If you're only ever going to get one disc of the music of Gustav Holst, one of them should be a recording of The Planets. Brilliantly scored, wonderfully evocative, and wholly memorable, The Planets is justly Holst's most popular work and there have been dozens of great recordings of the work from the first
Boult to the last. But if you're looking to try a second disc of the music of Gustav Holst, try this one from 1994 by
Richard Hickox conducting the
London Symphony Orchestra on Chandos. The Lyrita recordings were swell in their day, but for a modern recording of convincing performances of Holst's best orchestral works that aren't The Planets, this disc has got the goods. The
London Symphony Orchestra plays as well as it ever has, which is to say, superbly.

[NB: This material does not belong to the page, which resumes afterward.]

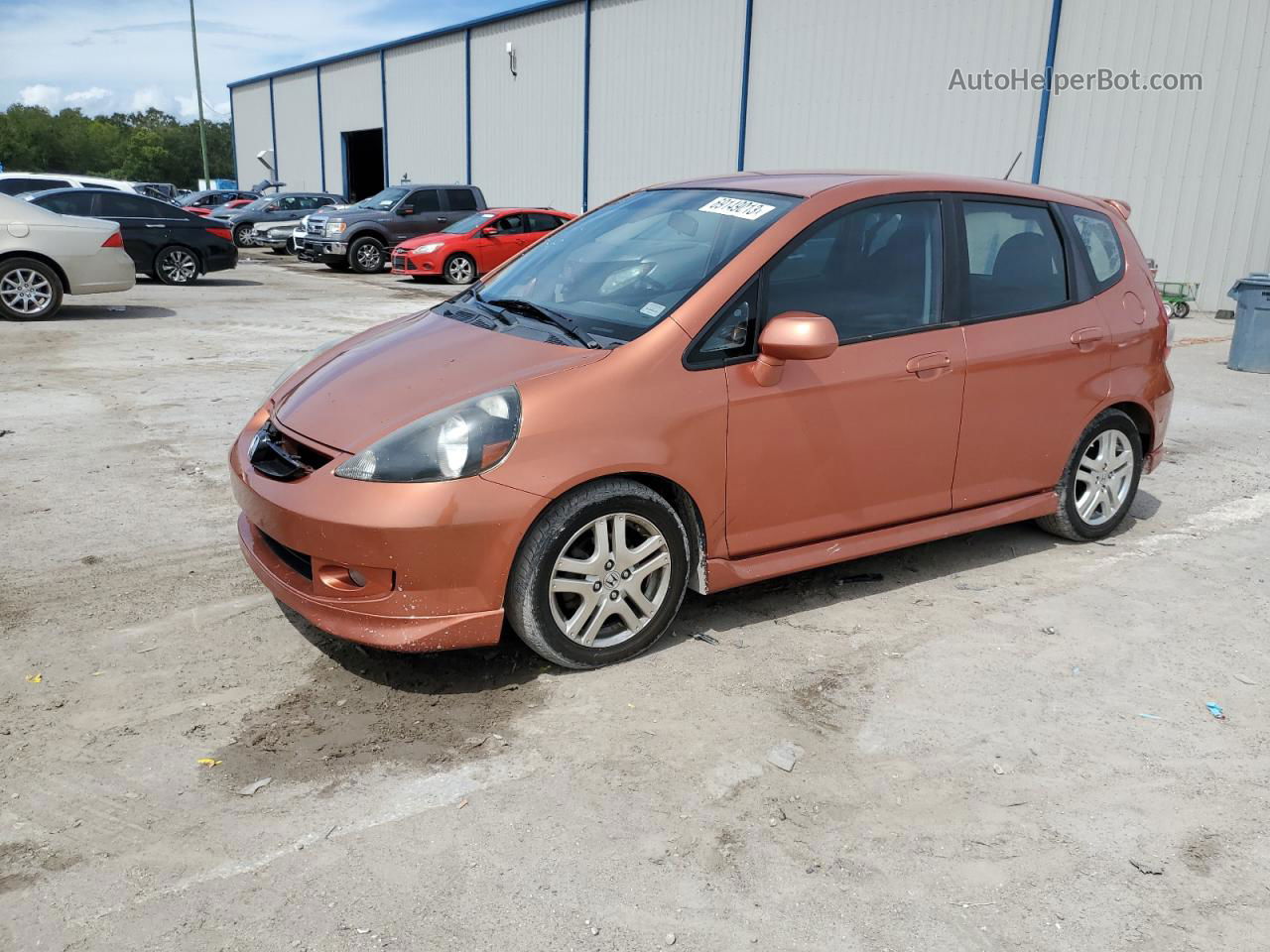 2008 Honda Fit Sport Orange vin: JHMGD38698S017083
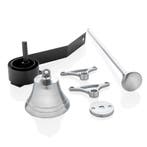 Trekbel mat nikkel - klassieke deurbel - De Oude Deurklink, Ophalen of Verzenden, Nieuw, Koper of Messing, Klink of Kruk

Hickox conducts with sympathy and strength and he holds the
L.S.O. in the palm of his hand. Together,
Hickox and the
L.S.O. play Holst's A Fugal Overture with panache and élan, his A Somerset Rhapsody with pastoral intensity, and his Scherzo with wit and vivacity. Best of all, they play Egdon Heath -- Holst's most severe, most devastating, and certainly his greatest work -- with the massive gravity and concentrated cruelty that it deserves. The Hammersmith Prelude and Scherzo and the disc-closing, posthumously completed Capriccio are bright and delightful, if anti-climactic, after the fatalistic depths of the Egdon Heath. Chandos' sound is bottomless in the best sense of the word.